» **REQUIREMENT**: From the line with "Resin Glitter Pack" to the line with "Yellow floral lion", retype every line exactly, including those two, and leave out the rest of the data below.

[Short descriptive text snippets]

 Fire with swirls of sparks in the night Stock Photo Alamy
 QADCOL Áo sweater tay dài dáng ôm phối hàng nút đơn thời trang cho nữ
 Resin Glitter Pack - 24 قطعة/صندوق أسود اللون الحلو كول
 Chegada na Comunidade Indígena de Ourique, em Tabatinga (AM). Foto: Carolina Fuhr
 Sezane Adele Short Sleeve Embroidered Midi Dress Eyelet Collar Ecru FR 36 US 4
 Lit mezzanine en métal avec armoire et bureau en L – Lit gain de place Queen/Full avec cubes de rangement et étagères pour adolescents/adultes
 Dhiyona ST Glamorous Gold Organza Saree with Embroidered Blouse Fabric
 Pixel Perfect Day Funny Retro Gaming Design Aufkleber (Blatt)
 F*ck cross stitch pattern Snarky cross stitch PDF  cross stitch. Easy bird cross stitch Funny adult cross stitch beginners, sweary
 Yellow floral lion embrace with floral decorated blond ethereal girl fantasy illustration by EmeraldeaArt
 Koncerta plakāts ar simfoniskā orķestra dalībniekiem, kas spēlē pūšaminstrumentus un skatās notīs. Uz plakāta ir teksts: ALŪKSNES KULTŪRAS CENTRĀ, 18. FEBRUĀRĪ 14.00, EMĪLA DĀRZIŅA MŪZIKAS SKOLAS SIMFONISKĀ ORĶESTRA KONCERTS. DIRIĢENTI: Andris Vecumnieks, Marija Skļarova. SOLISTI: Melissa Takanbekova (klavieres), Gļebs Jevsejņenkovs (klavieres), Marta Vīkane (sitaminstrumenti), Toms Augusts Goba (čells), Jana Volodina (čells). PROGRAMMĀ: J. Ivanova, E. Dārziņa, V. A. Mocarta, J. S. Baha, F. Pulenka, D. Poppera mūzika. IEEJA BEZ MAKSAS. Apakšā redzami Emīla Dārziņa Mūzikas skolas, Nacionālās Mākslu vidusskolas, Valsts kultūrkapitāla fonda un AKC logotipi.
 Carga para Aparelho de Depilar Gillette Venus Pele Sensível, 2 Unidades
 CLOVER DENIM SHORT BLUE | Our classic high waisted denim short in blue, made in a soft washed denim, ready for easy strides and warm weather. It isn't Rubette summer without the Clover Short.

» **RESPONSE TO THE TASK**:
 Resin Glitter Pack - 24 قطعة/صندوق أسود اللون الحلو كول
 Chegada na Comunidade Indígena de Ourique, em Tabatinga (AM). Foto: Carolina Fuhr
 Sezane Adele Short Sleeve Embroidered Midi Dress Eyelet Collar Ecru FR 36 US 4
 Lit mezzanine en métal avec armoire et bureau en L – Lit gain de place Queen/Full avec cubes de rangement et étagères pour adolescents/adultes
 Dhiyona ST Glamorous Gold Organza Saree with Embroidered Blouse Fabric
 Pixel Perfect Day Funny Retro Gaming Design Aufkleber (Blatt)
 F*ck cross stitch pattern Snarky cross stitch PDF  cross stitch. Easy bird cross stitch Funny adult cross stitch beginners, sweary
 Yellow floral lion embrace with floral decorated blond ethereal girl fantasy illustration by EmeraldeaArt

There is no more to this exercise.